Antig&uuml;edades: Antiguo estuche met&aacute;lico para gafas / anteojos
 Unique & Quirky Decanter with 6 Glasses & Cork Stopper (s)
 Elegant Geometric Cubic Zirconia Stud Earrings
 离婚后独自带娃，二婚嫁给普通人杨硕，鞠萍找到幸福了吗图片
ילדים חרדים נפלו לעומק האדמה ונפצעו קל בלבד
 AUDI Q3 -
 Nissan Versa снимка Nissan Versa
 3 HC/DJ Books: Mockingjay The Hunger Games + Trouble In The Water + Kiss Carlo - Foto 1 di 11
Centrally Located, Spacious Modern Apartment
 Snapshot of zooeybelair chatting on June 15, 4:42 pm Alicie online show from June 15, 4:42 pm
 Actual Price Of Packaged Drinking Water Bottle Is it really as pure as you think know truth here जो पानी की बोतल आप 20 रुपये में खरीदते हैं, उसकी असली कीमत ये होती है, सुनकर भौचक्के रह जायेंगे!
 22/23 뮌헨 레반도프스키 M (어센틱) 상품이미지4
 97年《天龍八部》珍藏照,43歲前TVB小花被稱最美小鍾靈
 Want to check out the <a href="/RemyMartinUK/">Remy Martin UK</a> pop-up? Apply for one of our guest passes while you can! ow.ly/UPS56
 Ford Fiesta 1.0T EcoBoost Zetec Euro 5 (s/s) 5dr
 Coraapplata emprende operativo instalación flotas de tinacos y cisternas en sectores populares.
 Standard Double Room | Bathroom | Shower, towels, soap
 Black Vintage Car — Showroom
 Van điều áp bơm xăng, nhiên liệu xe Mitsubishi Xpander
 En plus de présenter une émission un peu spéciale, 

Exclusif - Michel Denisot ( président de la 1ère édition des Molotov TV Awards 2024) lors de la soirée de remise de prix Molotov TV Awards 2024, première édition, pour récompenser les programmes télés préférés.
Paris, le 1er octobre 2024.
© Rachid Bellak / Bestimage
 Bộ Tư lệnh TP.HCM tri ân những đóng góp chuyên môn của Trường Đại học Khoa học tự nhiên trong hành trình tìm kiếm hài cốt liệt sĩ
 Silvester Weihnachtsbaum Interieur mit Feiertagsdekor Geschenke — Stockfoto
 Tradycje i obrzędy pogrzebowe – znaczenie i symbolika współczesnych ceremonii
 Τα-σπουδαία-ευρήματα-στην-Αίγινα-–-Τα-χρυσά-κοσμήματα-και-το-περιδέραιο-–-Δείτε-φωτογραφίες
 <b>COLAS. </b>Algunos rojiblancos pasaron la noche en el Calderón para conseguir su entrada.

• _YOUR GOAL_
Say each line again exactly as it appears above.

• _WRITTEN ANSWER_
Antig&uuml;edades: Antiguo estuche met&aacute;lico para gafas / anteojos
 Unique & Quirky Decanter with 6 Glasses & Cork Stopper (s)
 Elegant Geometric Cubic Zirconia Stud Earrings
 离婚后独自带娃，二婚嫁给普通人杨硕，鞠萍找到幸福了吗图片
ילדים חרדים נפלו לעומק האדמה ונפצעו קל בלבד
 AUDI Q3 -
 Nissan Versa снимка Nissan Versa
 3 HC/DJ Books: Mockingjay The Hunger Games + Trouble In The Water + Kiss Carlo - Foto 1 di 11
Centrally Located, Spacious Modern Apartment
 Snapshot of zooeybelair chatting on June 15, 4:42 pm Alicie online show from June 15, 4:42 pm
 Actual Price Of Packaged Drinking Water Bottle Is it really as pure as you think know truth here जो पानी की बोतल आप 20 रुपये में खरीदते हैं, उसकी असली कीमत ये होती है, सुनकर भौचक्के रह जायेंगे!
 22/23 뮌헨 레반도프스키 M (어센틱) 상품이미지4
 97年《天龍八部》珍藏照,43歲前TVB小花被稱最美小鍾靈
 Want to check out the <a href="/RemyMartinUK/">Remy Martin UK</a> pop-up? Apply for one of our guest passes while you can! ow.ly/UPS56
 Ford Fiesta 1.0T EcoBoost Zetec Euro 5 (s/s) 5dr
 Coraapplata emprende operativo instalación flotas de tinacos y cisternas en sectores populares.
 Standard Double Room | Bathroom | Shower, towels, soap
 Black Vintage Car — Showroom
 Van điều áp bơm xăng, nhiên liệu xe Mitsubishi Xpander
 En plus de présenter une émission un peu spéciale, 

Exclusif - Michel Denisot ( président de la 1ère édition des Molotov TV Awards 2024) lors de la soirée de remise de prix Molotov TV Awards 2024, première édition, pour récompenser les programmes télés préférés.
Paris, le 1er octobre 2024.
© Rachid Bellak / Bestimage
 Bộ Tư lệnh TP.HCM tri ân những đóng góp chuyên môn của Trường Đại học Khoa học tự nhiên trong hành trình tìm kiếm hài cốt liệt sĩ
 Silvester Weihnachtsbaum Interieur mit Feiertagsdekor Geschenke — Stockfoto
 Tradycje i obrzędy pogrzebowe – znaczenie i symbolika współczesnych ceremonii
 Τα-σπουδαία-ευρήματα-στην-Αίγινα-–-Τα-χρυσά-κοσμήματα-και-το-περιδέραιο-–-Δείτε-φωτογραφίες
 <b>COLAS. </b>Algunos rojiblancos pasaron la noche en el Calderón para conseguir su entrada.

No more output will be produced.